Print nothing except the lines of the listing below from the line with "Petite Burgundy Stripe Detail Zip Up Hoodie" to the line with "Blue high waisted relaxed straight leg jeans", each exactly as written, both ends included.

#### [LISTED RECORDS]
..............................

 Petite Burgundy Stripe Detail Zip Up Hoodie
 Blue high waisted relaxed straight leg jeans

..............................

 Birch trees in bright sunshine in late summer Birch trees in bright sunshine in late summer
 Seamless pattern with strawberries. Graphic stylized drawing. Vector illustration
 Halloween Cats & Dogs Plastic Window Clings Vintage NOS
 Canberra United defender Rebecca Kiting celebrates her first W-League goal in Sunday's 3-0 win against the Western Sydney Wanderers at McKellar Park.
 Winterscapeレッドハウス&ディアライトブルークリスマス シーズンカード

..............................

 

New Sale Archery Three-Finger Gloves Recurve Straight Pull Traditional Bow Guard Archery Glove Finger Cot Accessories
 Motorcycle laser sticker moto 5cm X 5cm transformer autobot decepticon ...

..............................

#### [ANSWER FOR THE TASK]
 Petite Burgundy Stripe Detail Zip Up Hoodie
 Blue high waisted relaxed straight leg jeans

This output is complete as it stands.